Welcome to 1991
This article is from the archive of The New York Sun before the launch of its new website in 2022. The Sun has neither altered nor updated such articles but will seek to correct any errors, mis-categorizations or other problems introduced during transfer.

Mayor Bloomberg and the state’s Legislature are preparing to send New York City back to the high-tax early 1990s — the Dinkins Era. If all goes as expected, the last of the governor’s vetoes, that of the so-called New York City bailout package, will come today. The “bailout” here amounts to nothing more than a permission slip from Albany for the city to raise taxes on its own wealthiest residents by means of a surcharge. Or to put it another way, authorization to mortgage the Big Apple even further to the rich.
According to the mayor’s Office of Management and Budget, the top quarter of tax payers already pay quite a bit more than three quarters of the city’s income tax. After the top income tax rates in the city are increased to 4.25% from 3.648% for residents with income of more than $100,000, and to 4.45% from 3.648% for residents with income of more than $500,000, that distribution will become only more skewed.
The increase in the city’s income tax rate, combined with the increase in the state’s income tax rate, will amount to a 16% income tax hike on wealthy New York City residents — if $100,000 is indeed “wealthy,” as opposed to middle class, in the city. It’s a precarious situation when city residents are already smarting from the mayor’s 18.5% property tax increase, a $1.42 a pack cigarette tax increase, and a sales tax increase of 4.5%. New York City, after all, is one of only a handful of cities that even has a municipal personal income tax — towns such as Washington, D.C., Baltimore, Cleveland, Columbus, Detroit, and Indianapolis share the distinction — and got along fine without one, until the Lindsay years.
Since Mayor Lindsay instituted the tax in 1966, at 2%, the trend has been generally upward.

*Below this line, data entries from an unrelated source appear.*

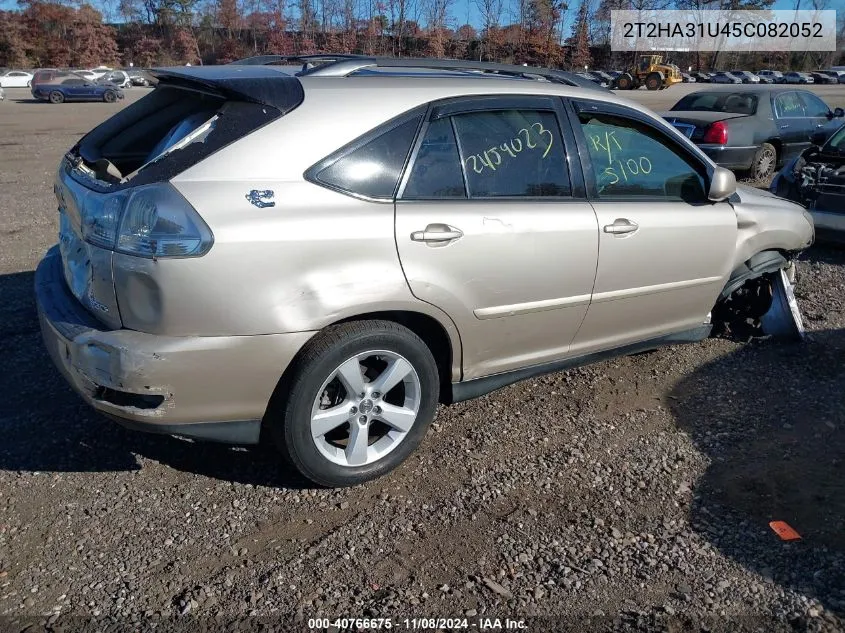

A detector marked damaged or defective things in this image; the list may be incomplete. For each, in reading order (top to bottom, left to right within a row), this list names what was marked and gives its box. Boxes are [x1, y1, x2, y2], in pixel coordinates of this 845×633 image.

detached front bumper [34, 244, 314, 442]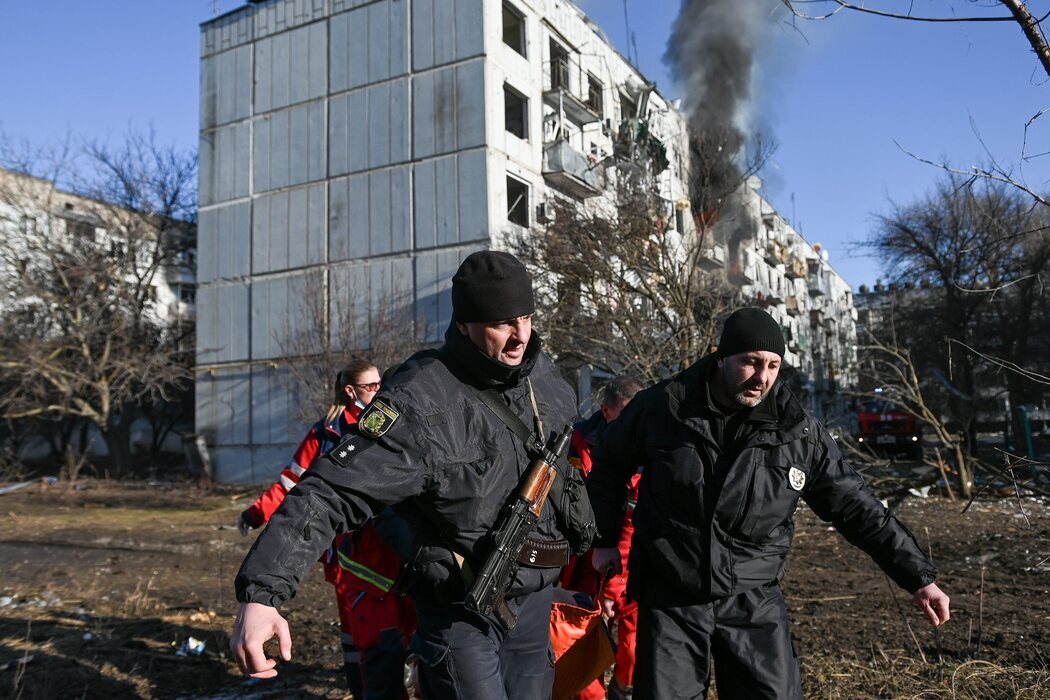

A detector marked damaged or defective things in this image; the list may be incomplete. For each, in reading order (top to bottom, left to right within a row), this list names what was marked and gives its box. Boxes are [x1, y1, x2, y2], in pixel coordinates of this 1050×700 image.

broken window [503, 2, 529, 56]
broken window [503, 83, 529, 140]
broken window [588, 73, 604, 115]
broken window [506, 175, 529, 227]
damaged apartment building [195, 0, 852, 482]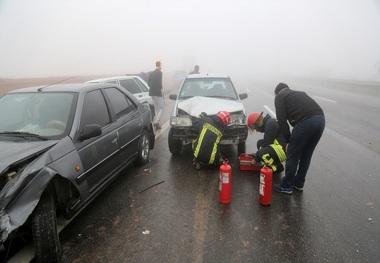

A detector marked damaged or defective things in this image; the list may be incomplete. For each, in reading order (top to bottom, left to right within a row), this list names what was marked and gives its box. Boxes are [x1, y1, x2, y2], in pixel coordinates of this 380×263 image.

damaged white car [168, 73, 248, 155]
car hood damage [177, 96, 245, 117]
damaged black car [0, 83, 155, 262]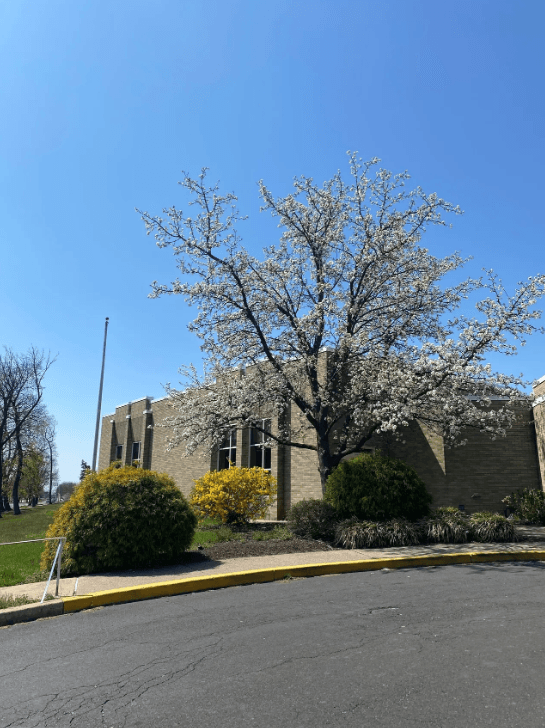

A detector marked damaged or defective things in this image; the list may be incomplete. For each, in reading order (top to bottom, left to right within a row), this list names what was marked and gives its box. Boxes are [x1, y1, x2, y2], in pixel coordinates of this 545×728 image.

cracked asphalt [1, 564, 544, 728]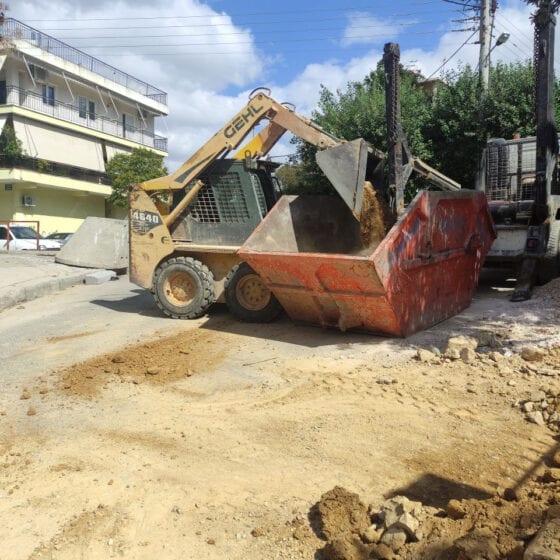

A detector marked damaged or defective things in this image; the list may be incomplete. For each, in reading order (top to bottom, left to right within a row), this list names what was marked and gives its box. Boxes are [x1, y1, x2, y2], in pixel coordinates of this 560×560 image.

rusty skip container [238, 190, 496, 336]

For those who take comfort in claims that the current sur charges will “sunset” in three years, it might be wise to take a look at the recent history. The OMB’s “Tax Revenue Forecasting Documentation” is available on the Web. The most recent bout of surcharge-mania occurred in the Dinkins administration. In 1990, there was a surcharge implemented bringing the top income tax rate in the city to 3.91% from 3.4%. Initially slated to run only from 1990 to 1992, it was extended to 1996 by the “Safe Streets, Safe City” program, and didn’t expire, ultimately, until 1998. An income tax surcharge from 1991, at a rate of 14%, persists to this day. Let the OMB tell it: “Low income taxpayers were not exempt from the additional tax. [It] has since been extended four times, in 1993, 1995, 1997 and 1999.” It is currently set to expire on December 31 of this year — don’t hold your breath.
And thus do we return to a city income tax rate only one-hundredth of a percentage point shy of the Dinkins rate: Mr. Bloomberg’s 4.45%, as opposed to Mr. Dinkins’s 4.46%. At the same time, the state has erased its own tax progress made during the 1990s. The state’s top income tax rate had dropped to 6.85% in 2002 from 7.88% in 1991. Now it will shoot to 7.7%. The state is also mortgaged to the rich: According to the state’s Office of Tax Policy Analysis, in 1999 the top 3.4% of taxpayers bore 44.4% of the state’s tax liability.
Take all of this plus the fact that a quirk in New York’s tax law is going to up the take on the estates of the wealthy in coming years, and the incentives grow for an exodus. Since spending hasn’t been contained, that can only lead to more deficits down the line, and more tax increases. It took the state until 1996 to wise up to the policy errors of the early 1990s and make some significant rate reductions. It took the city until 1998. The saying that history repeats itself is being underscored.